| DIRECTIONS FOR THIS TASK |
What you hand back must match the records word for word, with no pictures.

| SUPPLIED MATERIAL |

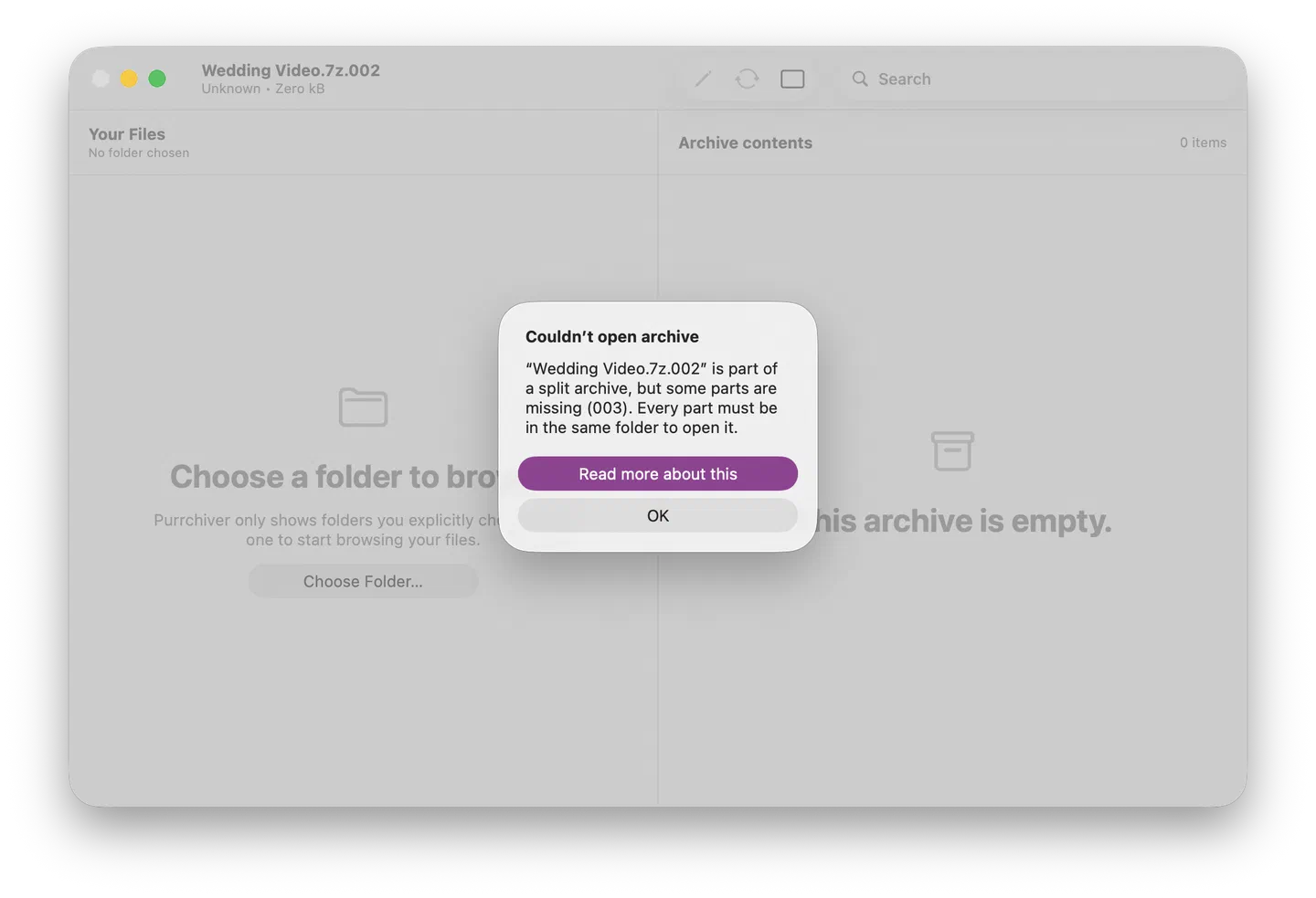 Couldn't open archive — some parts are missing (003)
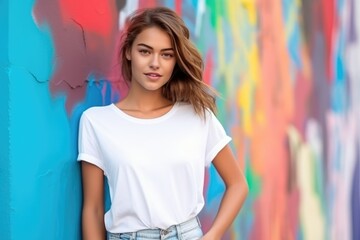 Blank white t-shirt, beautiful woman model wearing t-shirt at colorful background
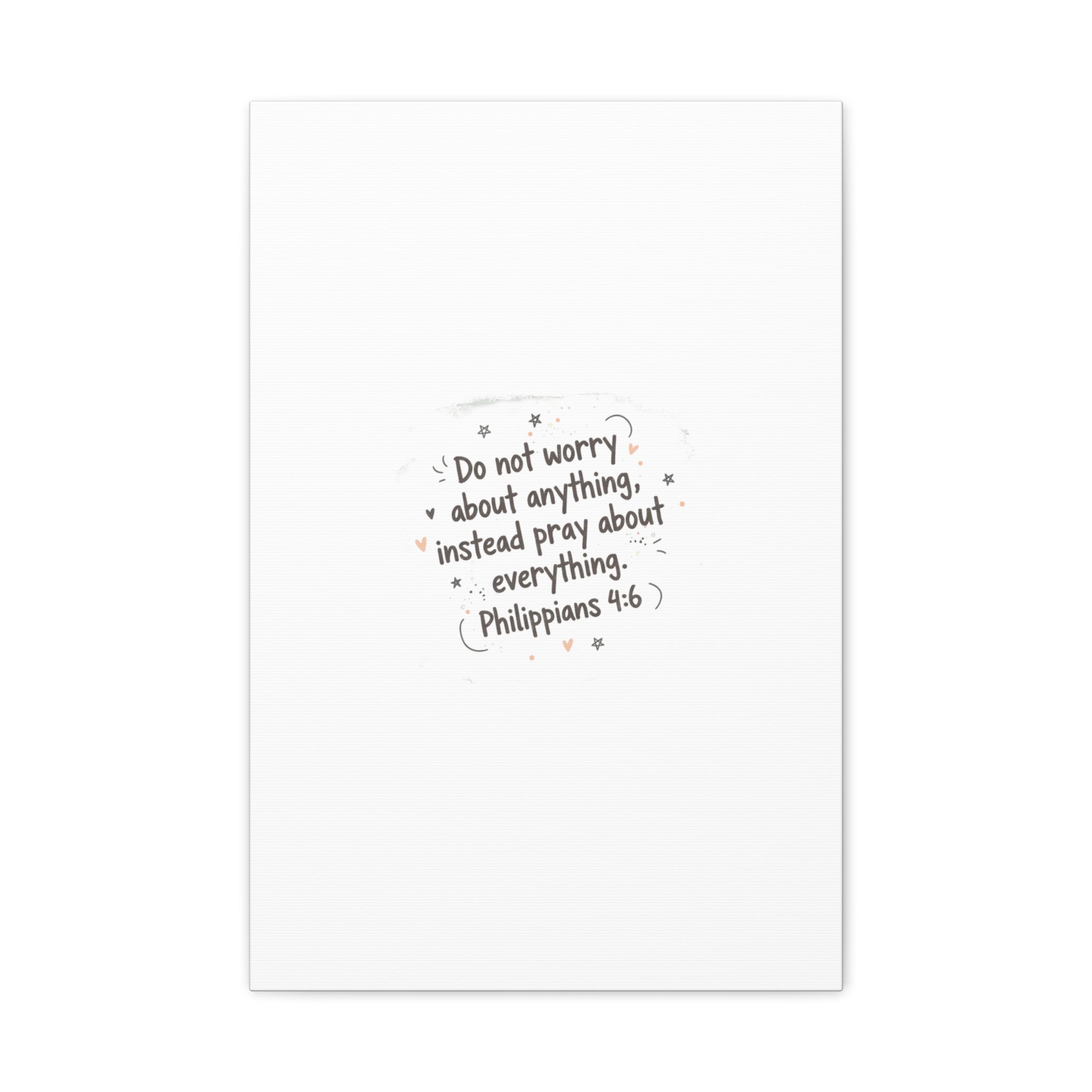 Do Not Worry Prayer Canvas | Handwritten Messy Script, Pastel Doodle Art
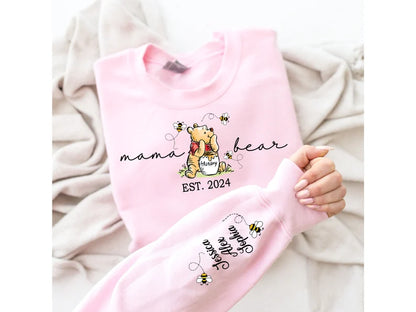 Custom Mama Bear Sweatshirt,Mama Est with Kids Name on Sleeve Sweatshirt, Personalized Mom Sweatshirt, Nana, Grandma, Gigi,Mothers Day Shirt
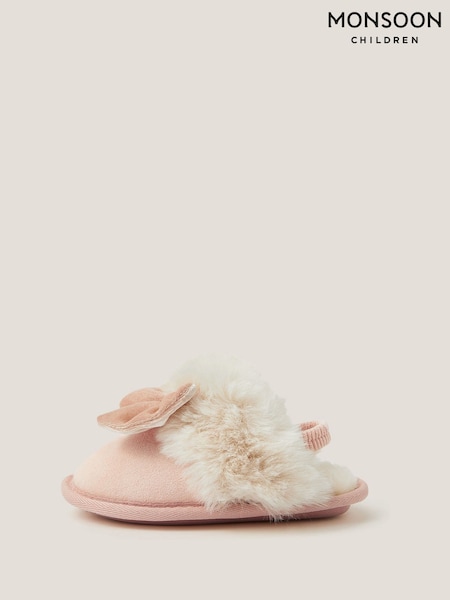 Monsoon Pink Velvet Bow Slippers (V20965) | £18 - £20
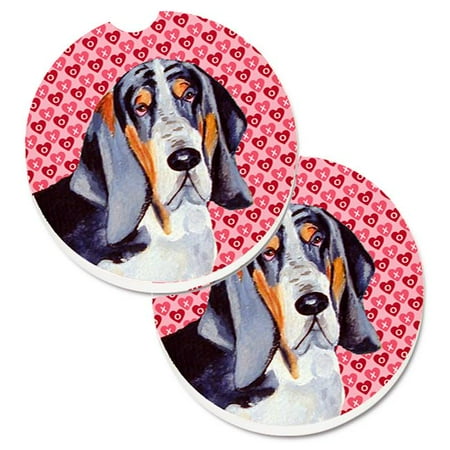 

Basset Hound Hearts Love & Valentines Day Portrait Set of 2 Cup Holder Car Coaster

| EXERCISE SOLUTION |
 Couldn't open archive — some parts are missing (003)
 Blank white t-shirt, beautiful woman model wearing t-shirt at colorful background
 Do Not Worry Prayer Canvas | Handwritten Messy Script, Pastel Doodle Art
 Custom Mama Bear Sweatshirt,Mama Est with Kids Name on Sleeve Sweatshirt, Personalized Mom Sweatshirt, Nana, Grandma, Gigi,Mothers Day Shirt
 Monsoon Pink Velvet Bow Slippers (V20965) | £18 - £20

Basset Hound Hearts Love & Valentines Day Portrait Set of 2 Cup Holder Car Coaster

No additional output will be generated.